Cioè Napoli che si rinnova e che ritorna.


Immaginiamo Lucullo, sporto dalla stessa terrazza, ad osservare i vedutismi di una città intonsa, tela di seta, delicata. Davanti a sé, Castel dell’Ovo è fiorito da poco, un braccio steso sul mare, la pianura di una campagna irrisolta attorno a sé, terreno da scolpire. Torniamo in noi, sulla stessa terrazza veterana di tempi, e non è più Napoli il mondo che ci giace davanti. Non una soltanto.

Tela di velluto, ci avvolge il tepore di una città vissuta, anche troppo, da menti e idee diverse che ne scrissero la storia. Monte Echia mutato in Pizzofalcone; Quartieri Spagnoli mutati in via Toledo; greci mutati in romani, in Borbone, in una specie non ben definita di uomini assorti e visionari, destinati a divenire i padroni del mondo, ma forse no. Del resto, Napoli non ebbe mai bisogno di altra grandezza che le mani gentili racchiuse in un Gemito irrequieto; il soffitto prospettico e barocco tra gli angeli di una chiesa dimenticata. Non pretese meraviglie meno eleganti di un cortile al civico 46, anonimo e incantato, e stupì dal principio ogni miscredente con la sottigliezza di un’arte nuova e originale: la più unica che rara, mitica commistione sociale.

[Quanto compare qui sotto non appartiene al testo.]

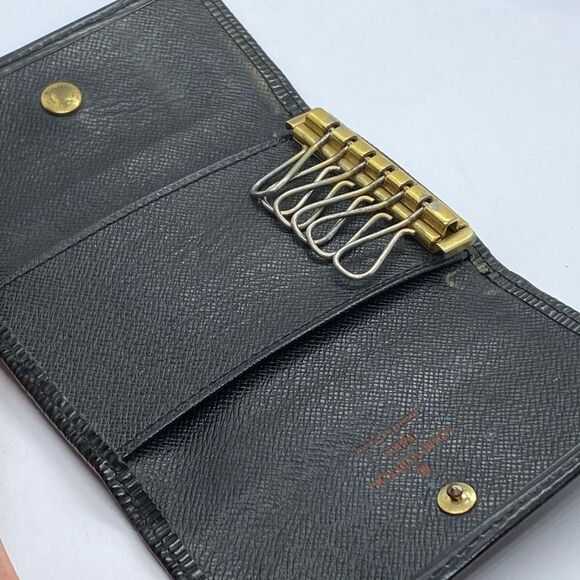 Authentic Louis Vuitton Vintage 2000 Black Epi Leather 6 Key Case - Picture 5 of 12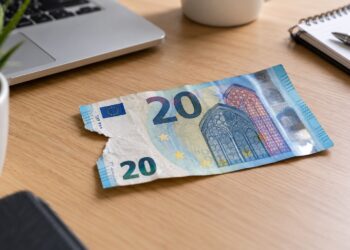 Nota rasgada ou manchada: quando o Banco de Portugal a troca sem qualquer custo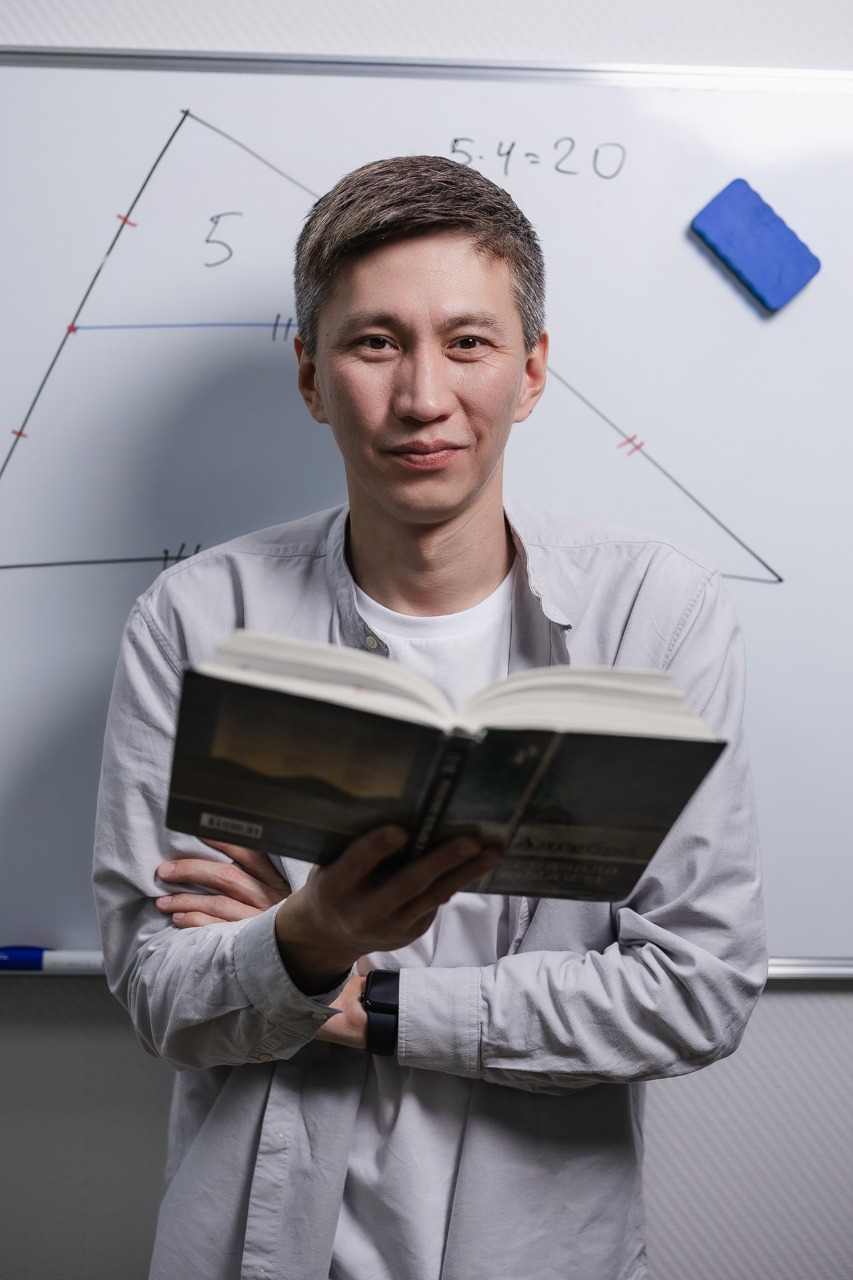 Артур Нигметов — преподаватель математики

Così, strade su case, palazzi su ritratti, vetri su marmi, Napoli si è forgiata da sé, inquieta tela di colore. Non basterebbe una chiesa, a descriverla, non un Plebiscito, un’epoca o un quartiere. Essa vive nelle menti che mano a mano la ripensano e nella maraviglia di un nuovo che comunque, mai, non la avrà.